------ Data supplied
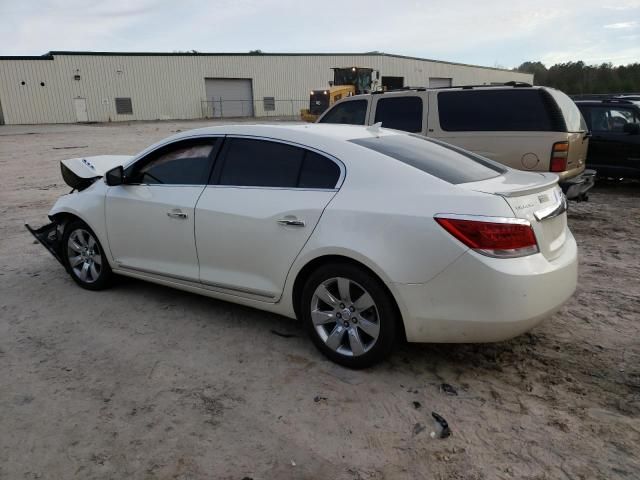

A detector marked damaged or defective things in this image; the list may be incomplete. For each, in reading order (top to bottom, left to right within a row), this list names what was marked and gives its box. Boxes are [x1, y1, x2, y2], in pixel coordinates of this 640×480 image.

damaged front bumper [25, 220, 66, 268]
crushed front fender [25, 220, 66, 268]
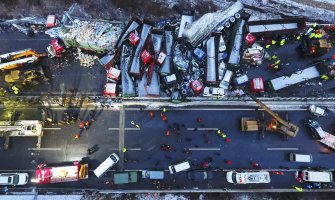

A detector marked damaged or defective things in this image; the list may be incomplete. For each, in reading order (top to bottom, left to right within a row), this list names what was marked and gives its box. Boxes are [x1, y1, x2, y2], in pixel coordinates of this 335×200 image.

crashed truck [31, 161, 88, 184]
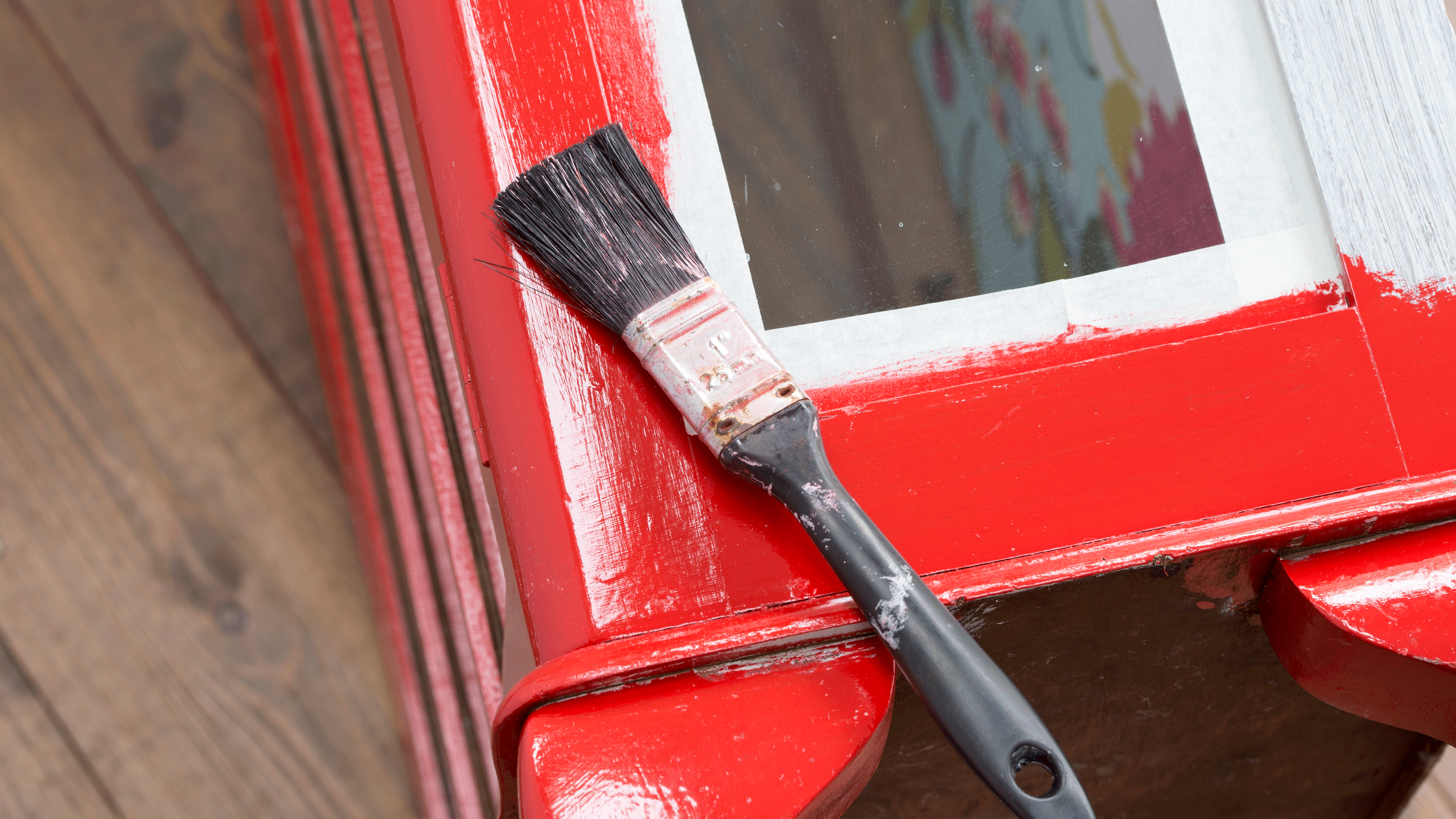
------------
What you need to do: Print the data above exactly, minus pictures.

Solution to the exercise:
A detector marked damaged or defective things in this image; the list may be incomplete. For each, in reading order (top to bottom, left to right within a row), this list names what was marked and gives its box. Boxes are [x1, y1, x2, y2], in pixel coordinates of this 640×480 image.

damaged front bumper [25, 220, 66, 268]
crushed front fender [25, 220, 66, 268]

A detector marked damaged or defective things in this image; the list may be incomplete. For each, in reading order (top to bottom, left to right within a row), this list names what was marked and gives its box. Boxes are [x1, y1, x2, y2], in pixel coordinates of this 335×200 image.

crashed truck [31, 161, 88, 184]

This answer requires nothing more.